**TASK REQUIREMENTS**
Skip the pictures and write out, word for word, the lines below from the one with "Happy Halloween Vector" through the one with "How to calculate 682 times 35 using long multiplication How", inclusive.

**ENTRIES SHOWN**
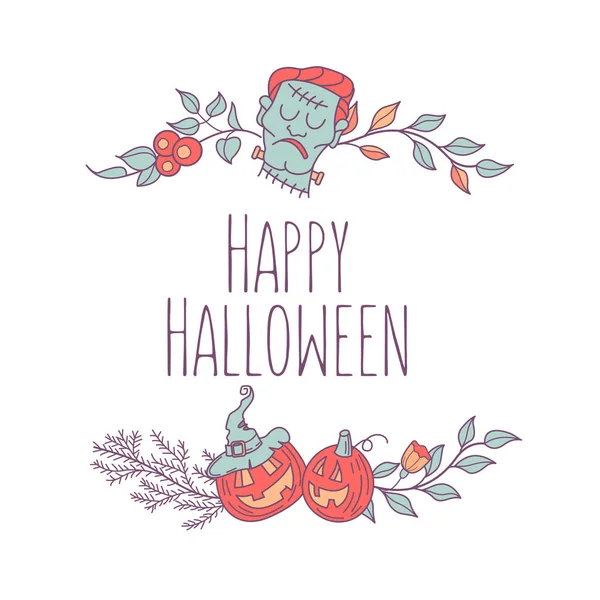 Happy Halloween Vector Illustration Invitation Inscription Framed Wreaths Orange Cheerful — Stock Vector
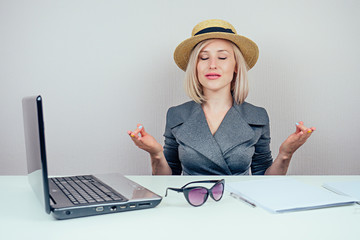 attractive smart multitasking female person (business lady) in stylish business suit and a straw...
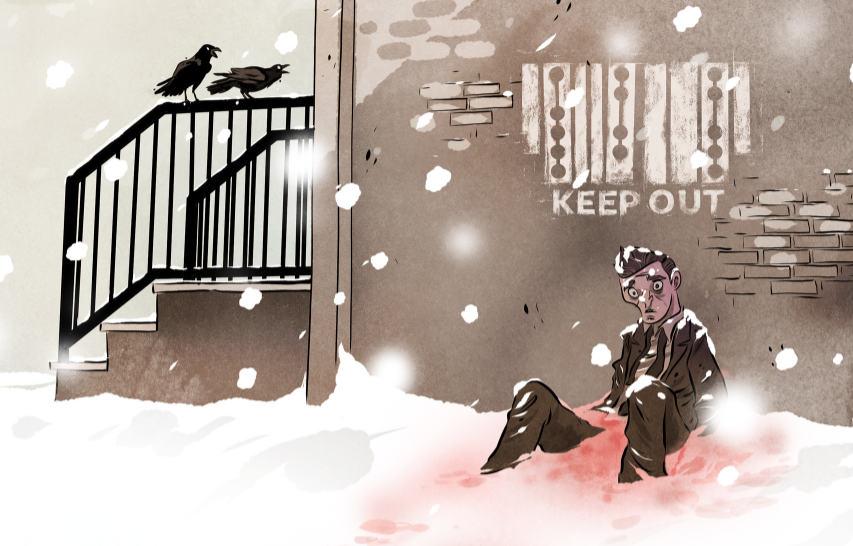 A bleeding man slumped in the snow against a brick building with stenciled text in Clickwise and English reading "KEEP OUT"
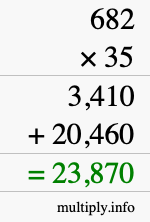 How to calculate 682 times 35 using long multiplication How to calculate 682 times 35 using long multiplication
...
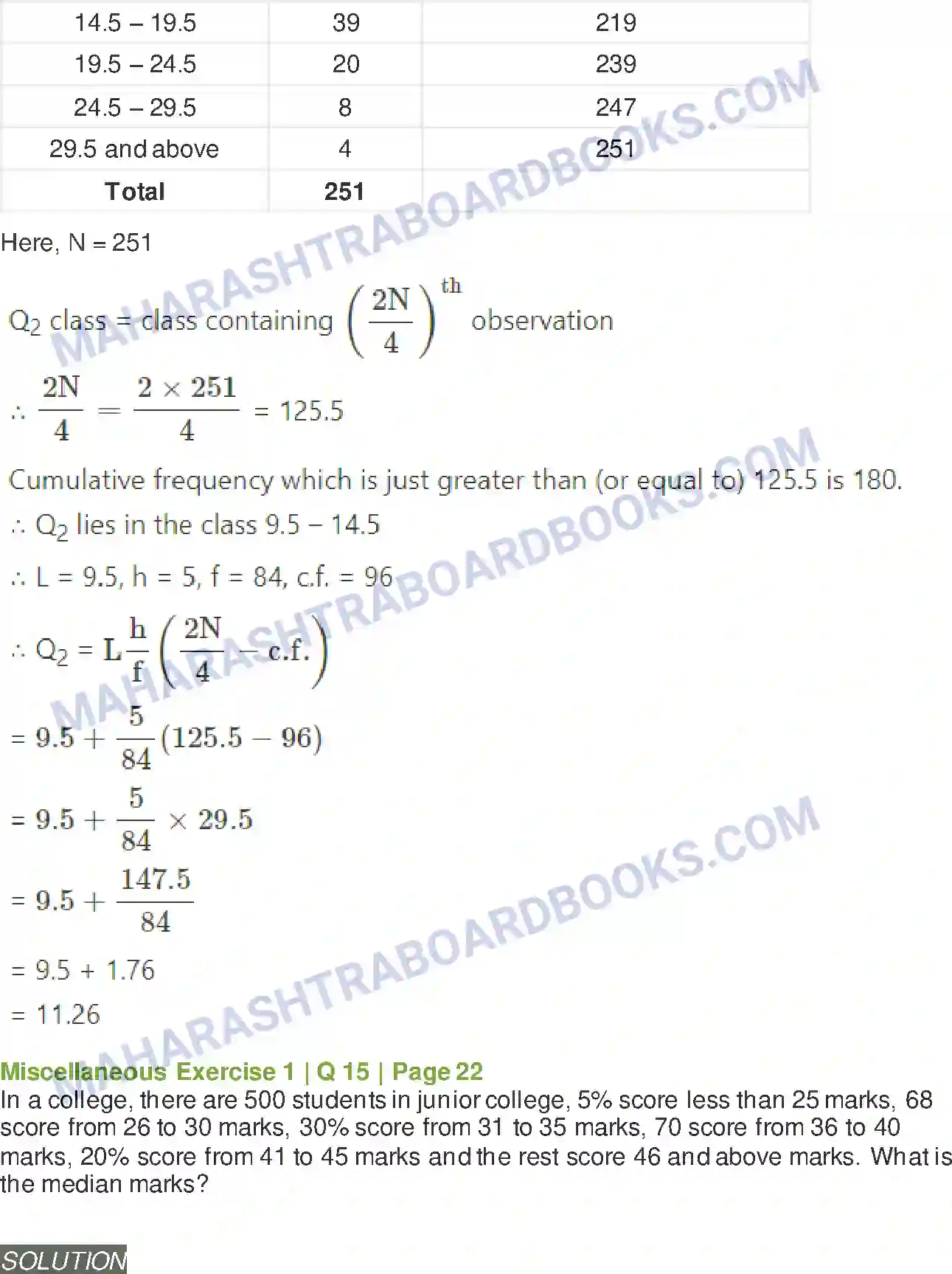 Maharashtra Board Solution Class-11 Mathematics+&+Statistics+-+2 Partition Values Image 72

**EXERCISE RESULT**
 Happy Halloween Vector Illustration Invitation Inscription Framed Wreaths Orange Cheerful — Stock Vector
 attractive smart multitasking female person (business lady) in stylish business suit and a straw...
 A bleeding man slumped in the snow against a brick building with stenciled text in Clickwise and English reading "KEEP OUT"
 How to calculate 682 times 35 using long multiplication How to calculate 682 times 35 using long multiplication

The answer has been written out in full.